### WHAT TO DO
Copying exactly, give the lines in the material below from the one with "Capa do artigo Lost Time" to the one with "Fuerther Hotel Mercure Nuernberg West Fuerther", ends included, and nothing besides.

----- EXTRACTED DATA

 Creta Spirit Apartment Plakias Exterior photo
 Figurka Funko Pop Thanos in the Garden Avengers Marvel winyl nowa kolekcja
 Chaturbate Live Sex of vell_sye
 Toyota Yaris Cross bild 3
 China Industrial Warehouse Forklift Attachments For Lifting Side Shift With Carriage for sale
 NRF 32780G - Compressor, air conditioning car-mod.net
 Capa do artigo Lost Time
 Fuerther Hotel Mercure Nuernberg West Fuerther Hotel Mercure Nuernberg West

----------
----- EXTRACTED DATA

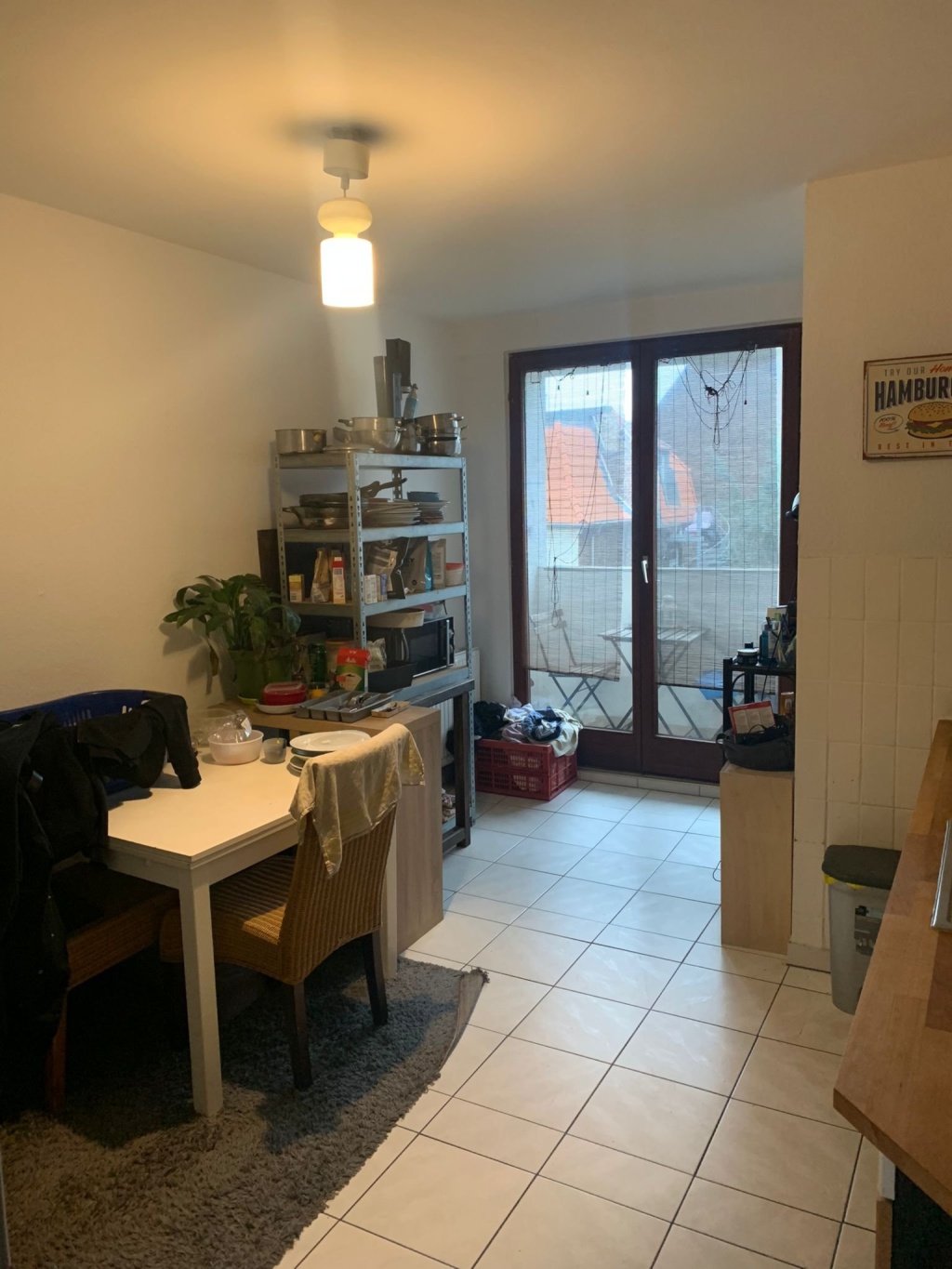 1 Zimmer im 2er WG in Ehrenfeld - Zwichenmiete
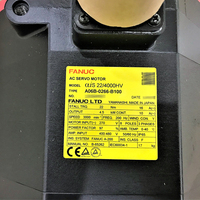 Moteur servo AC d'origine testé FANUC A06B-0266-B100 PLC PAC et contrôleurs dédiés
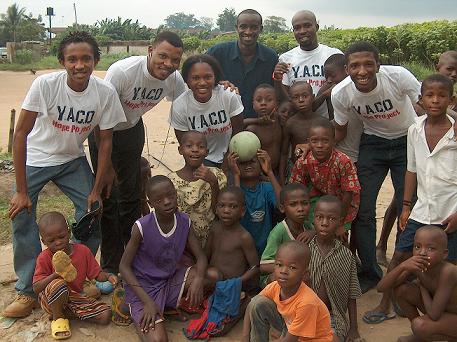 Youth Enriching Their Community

----------
----- EXTRACTED DATA

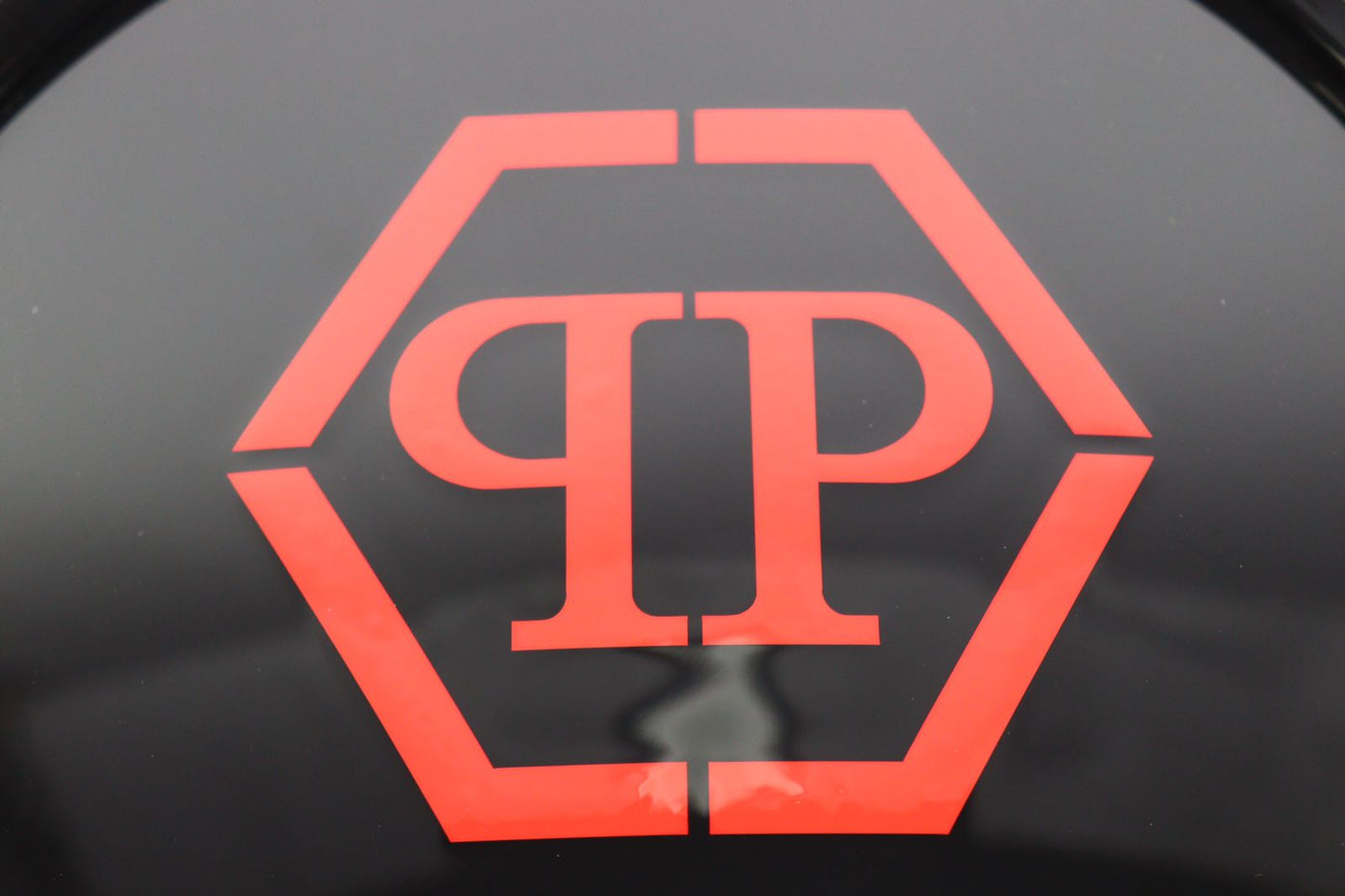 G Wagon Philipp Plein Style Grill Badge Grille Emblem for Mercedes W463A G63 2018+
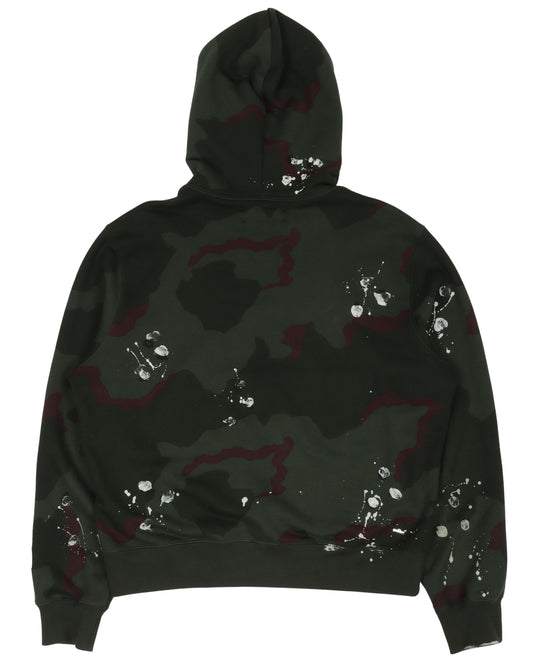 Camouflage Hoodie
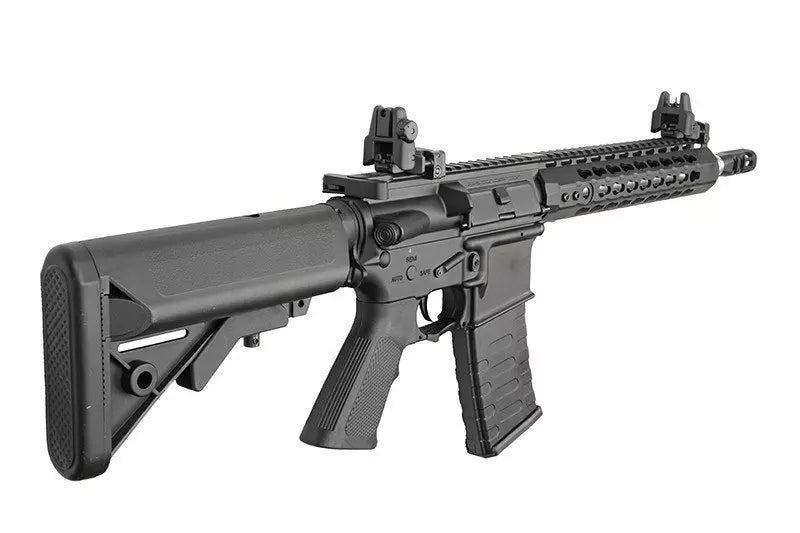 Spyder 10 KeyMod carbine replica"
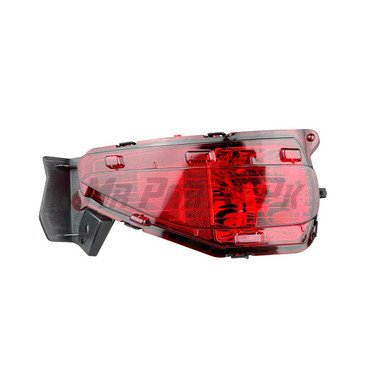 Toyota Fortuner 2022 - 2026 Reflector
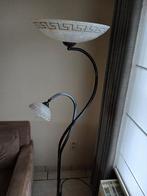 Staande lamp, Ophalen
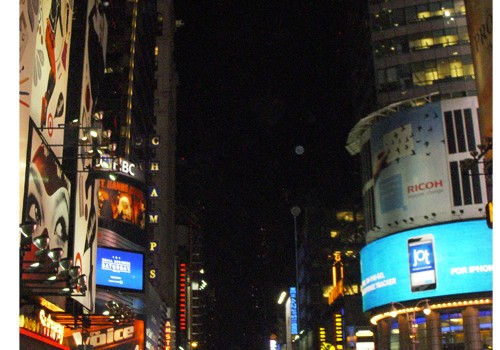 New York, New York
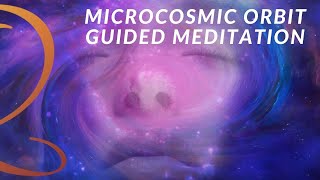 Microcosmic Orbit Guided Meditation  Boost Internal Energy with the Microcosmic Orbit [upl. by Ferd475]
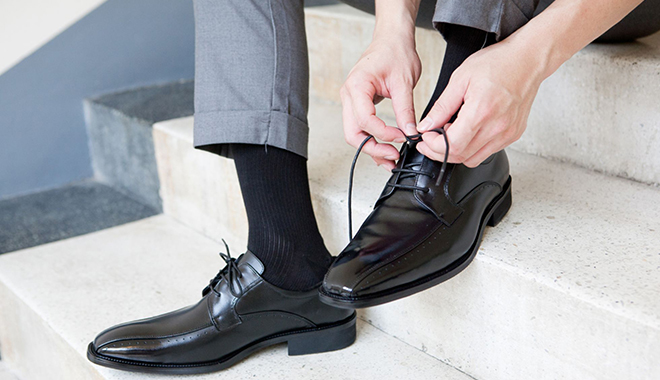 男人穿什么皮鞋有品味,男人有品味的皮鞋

----------

### EXERCISE RESPONSE
 Capa do artigo Lost Time
 Fuerther Hotel Mercure Nuernberg West Fuerther Hotel Mercure Nuernberg West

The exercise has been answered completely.